> **Supplied information**

__________

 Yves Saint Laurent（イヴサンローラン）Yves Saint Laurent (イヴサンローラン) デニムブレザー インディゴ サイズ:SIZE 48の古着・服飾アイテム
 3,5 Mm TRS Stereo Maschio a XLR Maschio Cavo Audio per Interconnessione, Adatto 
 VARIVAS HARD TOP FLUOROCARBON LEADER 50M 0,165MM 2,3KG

__________

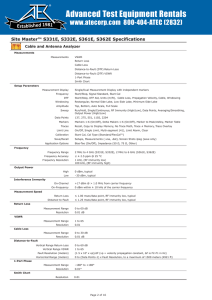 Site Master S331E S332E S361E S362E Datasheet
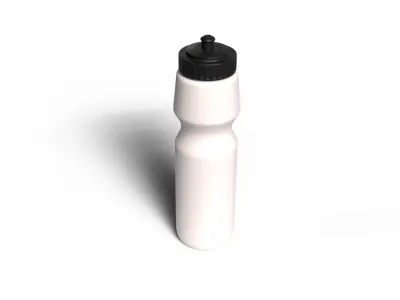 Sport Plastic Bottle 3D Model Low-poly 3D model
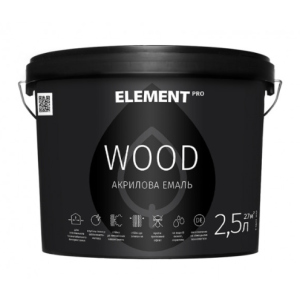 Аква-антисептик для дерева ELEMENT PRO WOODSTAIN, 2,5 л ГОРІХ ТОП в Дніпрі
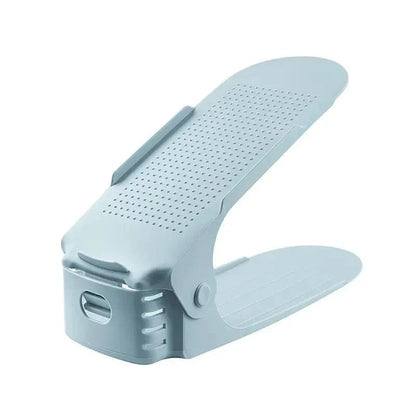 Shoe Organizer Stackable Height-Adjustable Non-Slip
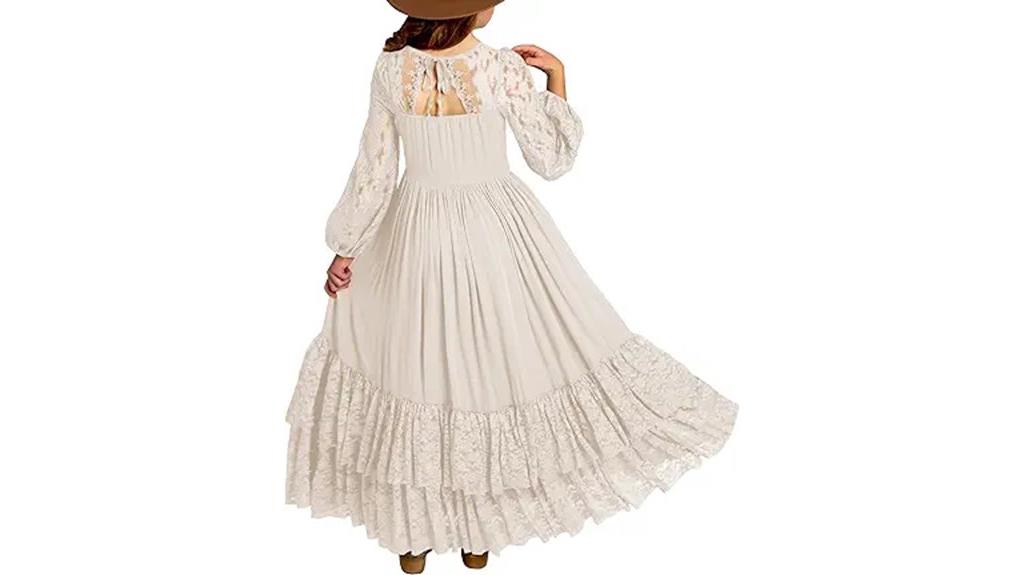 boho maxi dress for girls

__________

Working from the material above, restate word for word the lines between the line with "Yves Saint Laurent（イヴサンローラン）Yves" and the line with "VARIVAS HARD TOP", both included, and only those.

 Yves Saint Laurent（イヴサンローラン）Yves Saint Laurent (イヴサンローラン) デニムブレザー インディゴ サイズ:SIZE 48の古着・服飾アイテム
 3,5 Mm TRS Stereo Maschio a XLR Maschio Cavo Audio per Interconnessione, Adatto 
 VARIVAS HARD TOP FLUOROCARBON LEADER 50M 0,165MM 2,3KG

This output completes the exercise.